Thursday, December 15, 2011

Chicken Parmesan


While shopping at Aldi, J picked up a frozen chicken Parmesan meal. Wait. Before I start I need to inform you about Aldi. If you haven’t been to one, I highly suggest checking it out. Back in Chicagoland there’s one in every town. It is seriously the best place to shop for groceries. Everything is “store brand,” but is identical (if not better) than brand name. And for about half the price. Aldi also owns Trader Joe’s, so that gives you a good idea about their quality. When I moved to Auburn I was devastated I had to dish out so much money at Walmart for my food bill. The closest Aldi was in Birmingham or Atlanta. When we moved to Clarksville we were thrilled to have one back!

Anyways, when J wanted to get this frozen preservative hormone filled crap, I laughed and told him to put it back. I could make that from scratch and it would taste a thousand times better.

So, I picked up a few ingredients and set out to prove my claims. Let me show you how!

2 chicken breasts, halved
1 egg
1-2 cups breadcrumbs
2-3 tablespoons olive oil
8 slices mozzarella cheese
Half jar plain marinara sauce
Parmesan cheese (I’m a firm believer in the refrigerated grated kind. Not the powder Kraft stuff)

First, trim the chicken and pound it out to about half its original thickness. How much you pound it is completely up to you. The thinner it becomes, the more surface area there is to bread and be yummy, so thump away. I didn’t have any utensils to help me with this, so I went old school and used my fist on the counter. 

Next, whisk your egg and and dip your chicken. Make sure to get a good coating.

Cover the breasts in breadcrumbs. I used plain, but I think next time I’ll go with Italian for a little more flavor.

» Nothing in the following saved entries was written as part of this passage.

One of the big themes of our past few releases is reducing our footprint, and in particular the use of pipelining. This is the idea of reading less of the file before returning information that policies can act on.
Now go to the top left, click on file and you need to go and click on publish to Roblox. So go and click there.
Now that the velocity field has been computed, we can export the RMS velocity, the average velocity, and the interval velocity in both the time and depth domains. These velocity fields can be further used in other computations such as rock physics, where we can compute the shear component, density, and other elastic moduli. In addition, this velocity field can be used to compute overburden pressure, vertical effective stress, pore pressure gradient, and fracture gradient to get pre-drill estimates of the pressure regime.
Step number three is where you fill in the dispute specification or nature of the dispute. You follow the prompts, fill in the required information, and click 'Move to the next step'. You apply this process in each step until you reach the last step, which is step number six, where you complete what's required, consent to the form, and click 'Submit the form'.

Heat your olive oil in a skillet. I made the mistake of putting too much oil in and having to dump some. You just want a small amount to brown up your crumbs.




Cook the chicken a few minutes on each side until it starts looking dark golden and real pretty. Don’t worry about the center of the meat not being done, because you’re going to bake it for more than enough time.

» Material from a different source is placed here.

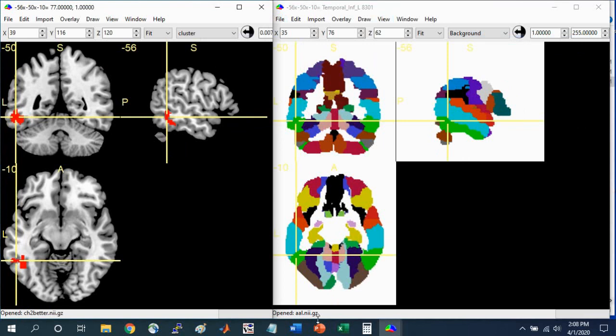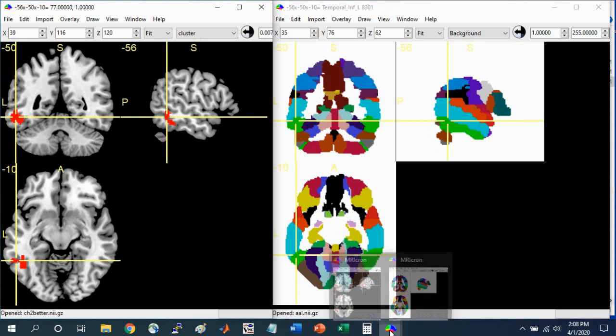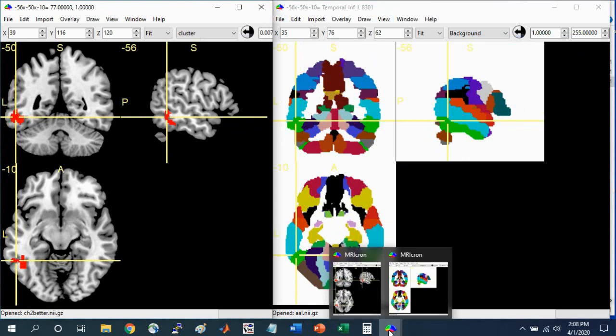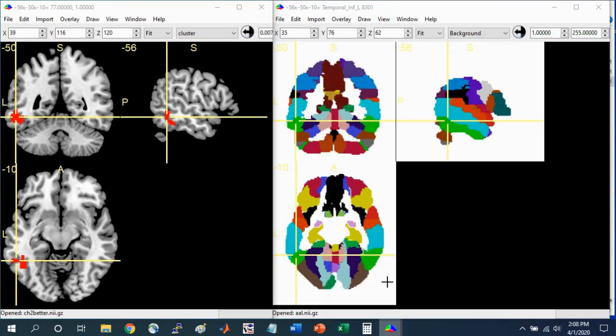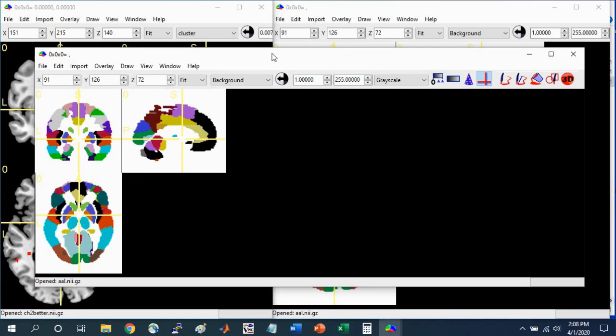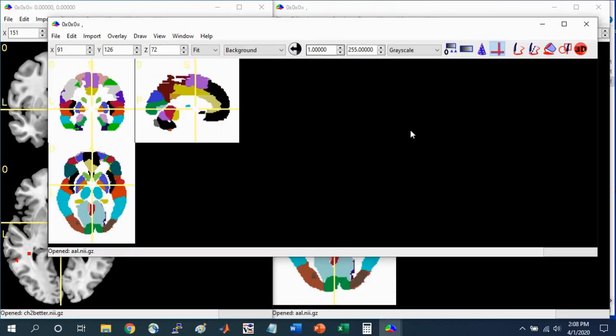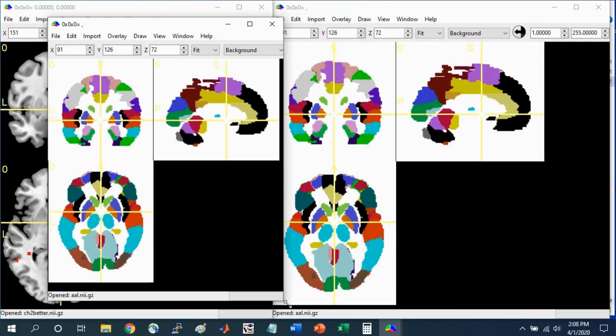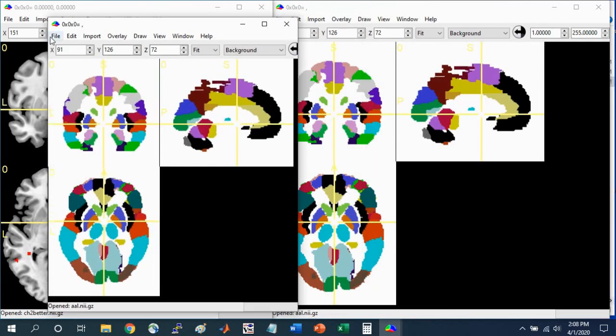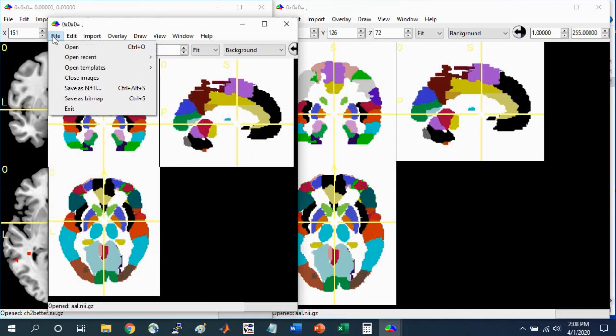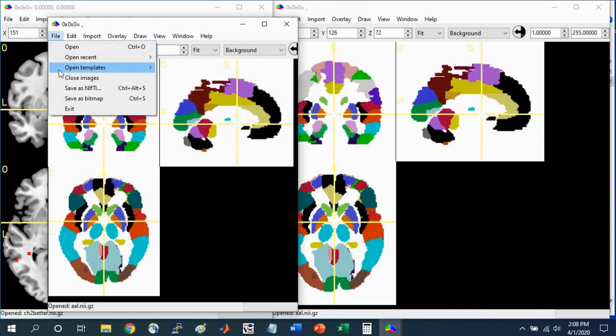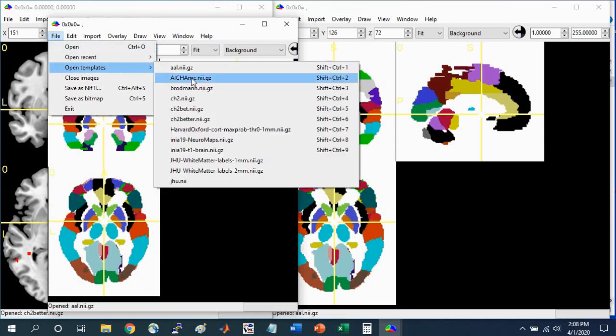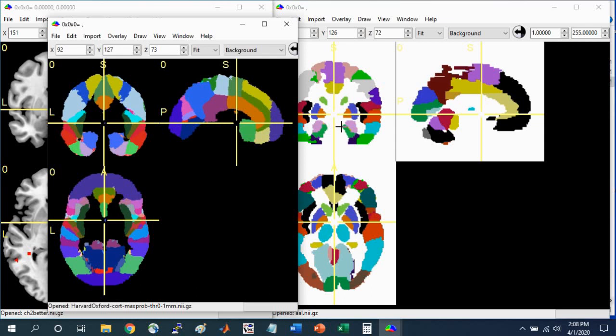Another thing to keep in mind is you can open additional windows. If I want to right-click and go to MRI-Cron again, you can have two atlases open. If I want to open the Harvard-Oxford Atlas as well, you can have both of these open at the same time.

Enlist the help of a Border Collie to clean up your crumbs



Now lay your chicken in a baking dish. I’m sure a 9x13 pan would be appropriate, but at the moment our supplies are limited. As you can see, they wouldn’t fit, so I had to use two pans. Ugh.

Use a single layer, unlike my picture =)


Layer your slices of mozzarella over the chicken.

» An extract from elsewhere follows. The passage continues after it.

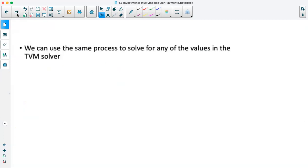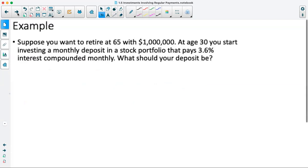Now we'll do another example showing that we can solve for things other than future value. Suppose you want to retire at 65 with $1 million. At age 30 you start investing a monthly deposit in a stock portfolio that pays 3.6% interest compounded monthly. What should your monthly deposit be?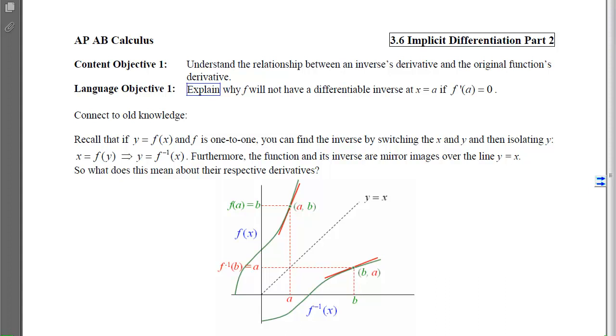This is 3-6 Implicit Differentiation, Part 2. The first objective is to understand the relationship between an inverse's derivative and the original function's derivative.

Then pour the sauce over. Next time, I’ll use more mozzarella and less sauce. We really like cheese. Sprinkle a hefty amount of Parmesan over the sauce.



Bake for 25 to 30 minutes, or until the cheese looks niceeee and bubbly.


Serve with a side of spaghetti.

The verdict? It was undoubtedly better than that yucky frozen stuff. The chicken was tender and juicy, and the bread coating and cheese was so yummy. Jon said it might possibly be his new favorite meal. Success!